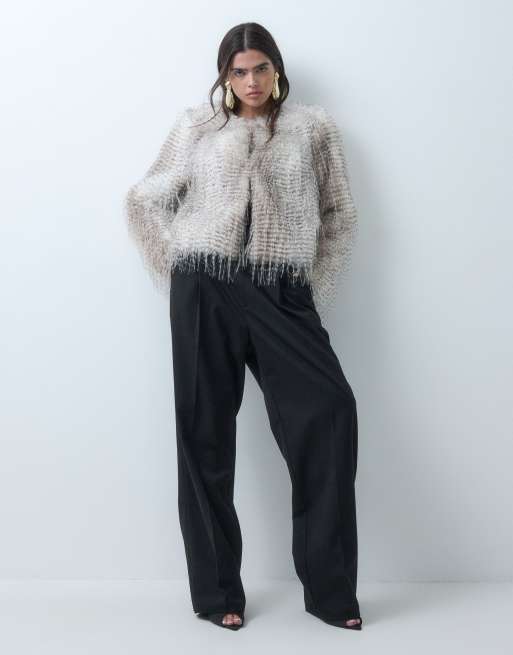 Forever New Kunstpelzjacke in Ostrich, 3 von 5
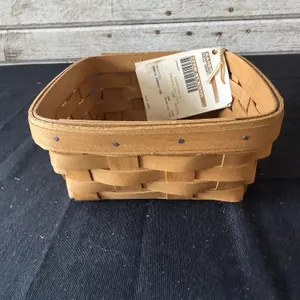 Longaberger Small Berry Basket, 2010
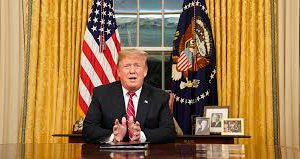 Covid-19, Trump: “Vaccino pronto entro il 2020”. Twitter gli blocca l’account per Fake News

...

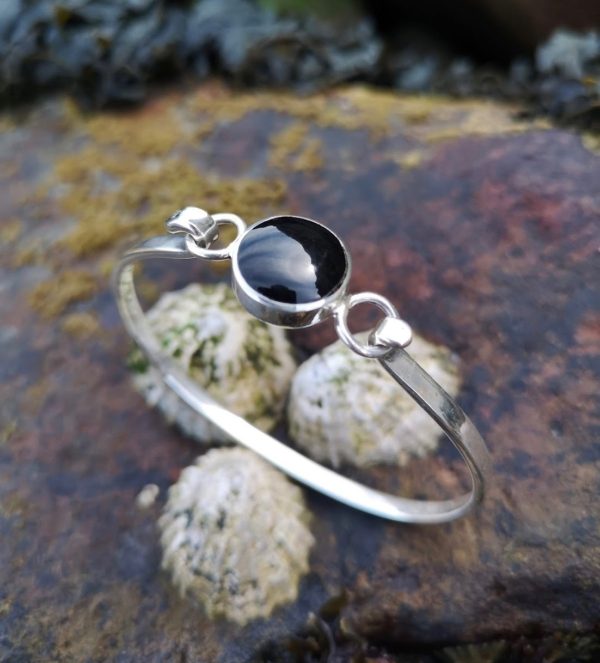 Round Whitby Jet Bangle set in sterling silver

--

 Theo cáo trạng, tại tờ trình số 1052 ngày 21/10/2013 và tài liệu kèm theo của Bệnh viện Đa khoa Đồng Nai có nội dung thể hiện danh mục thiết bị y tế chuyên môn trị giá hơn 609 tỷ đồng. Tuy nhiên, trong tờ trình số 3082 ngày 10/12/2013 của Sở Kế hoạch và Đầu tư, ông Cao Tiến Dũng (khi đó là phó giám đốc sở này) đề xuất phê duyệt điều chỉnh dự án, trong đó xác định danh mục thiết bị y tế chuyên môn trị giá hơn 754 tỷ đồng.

Instructions for the task » For this task, return exactly the stretch of the listing above from the line with "Forever New Kunstpelzjacke" through the line with "per Fake News", inclusive and without pictures.

The completed task »
 Forever New Kunstpelzjacke in Ostrich, 3 von 5
 Longaberger Small Berry Basket, 2010
 Covid-19, Trump: “Vaccino pronto entro il 2020”. Twitter gli blocca l’account per Fake News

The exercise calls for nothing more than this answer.